A wireless communication device operates in a wireless communication system to provide a user of the device with portable communications. A wireless communication device communicates with the wireless communication system or other wireless communication devices via electromagnetic signals, such as those in the radio frequency (RF) range, for example. The wireless communication device may communicate voice only, data only or both voice and data. The format of the electromagnetic signal communicated between the wireless communication device and the wireless communication system or other devices may be either analog or digital. Examples of wireless communication devices comprise radiotelephones, pagers, two-way radios, personal data assistants, and personal notebooks. The radiotelephones comprise cellular and cordless subscriber units.
Wireless communication devices use various alert techniques to indicate to a user of a wireless communication device that an incoming desired signal has been received. For example, a radiotelephone alerts the user when an incoming call signal is received, and a pager alerts the user when an incoming page signal is received. Generally, these alert techniques include audible, visual and tactile alert generators. The audible alert generator is typically implemented with an acoustic transducer, i.e. a speaker, sometimes known as a ringer. The visual alert generator is typically implemented with a display or a separate indicator. The tactile alert generator is typically implemented with an axially offset counterweight driven by a motor to cause a vibrating sensation.
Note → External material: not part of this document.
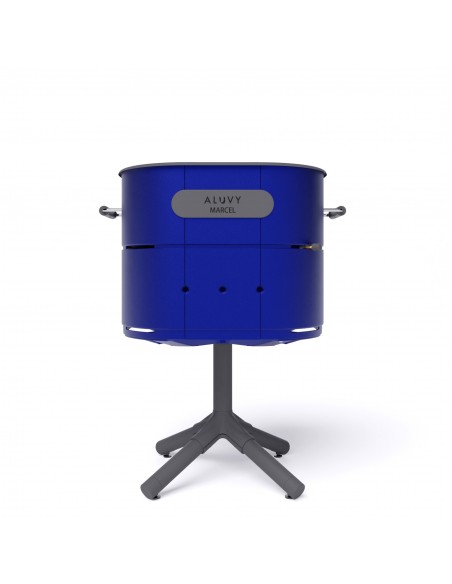 BARBECUE CHARBON MARCEL - ALUVY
Audible alert generators are generally known to be implemented in virtually all wireless communication devices. When a desired signal has been received, the wireless communication device activates the audible alert generator to produce a sound, such as a ring or beep, thereby alerting the user. A problem with audible alert generators is that the sound produced can be disturbing to others in environments where there is a low ambient noise level, and may not be heard by the user in environments where there is a high ambient noise level.
In landline telephone systems, landline telephone subscriber units have audible alert generators and can generate distinctive audible alert patterns, such as distinctive ringing or distinctive call-waiting, responsive to signals generated by the landline telephone system. Generally, distinctive ringing and distinctive call-waiting consists of sequenced, variable-length bursts of power ringing interspersed with variable length silent intervals. Distinctive ringing and distinctive call-waiting for landline telephone subscriber units is described in Bellcore's LATA Switching Systems Generic Requirements, Class .sup.SM Feature: Distinctive Ringing/Call Waiting, FSD 01-01-1110, TR-TSY-000219, Issue 2, November 1988, Revision 1, May 1992.
In a radiotelephone system, radiotelephone subscriber units have audible alert generators and can generate distinctive audible alert patterns, such as distinctive ringing, responsive to alert codes generated by the radiotelephone system. Generally, distinctive ringing in the radiotelephone system is implemented by varying the pitch and cadence or duty cycle, of the audible alert signal. Pitch represents a distinction between tones, usually based on frequency. Cadence or duty cycle is the on/off pattern of the tones. Distinctive ringing for radiotelephone subscriber units is described in EIA/TIA INTERIM STANDARD, Cellular System Dual-Mode Mobile Station-Base Station Compatibility Standard, IS-54-B, Section 2.7.3.1.3.3.1, Telecommunications Industry Association, April 92.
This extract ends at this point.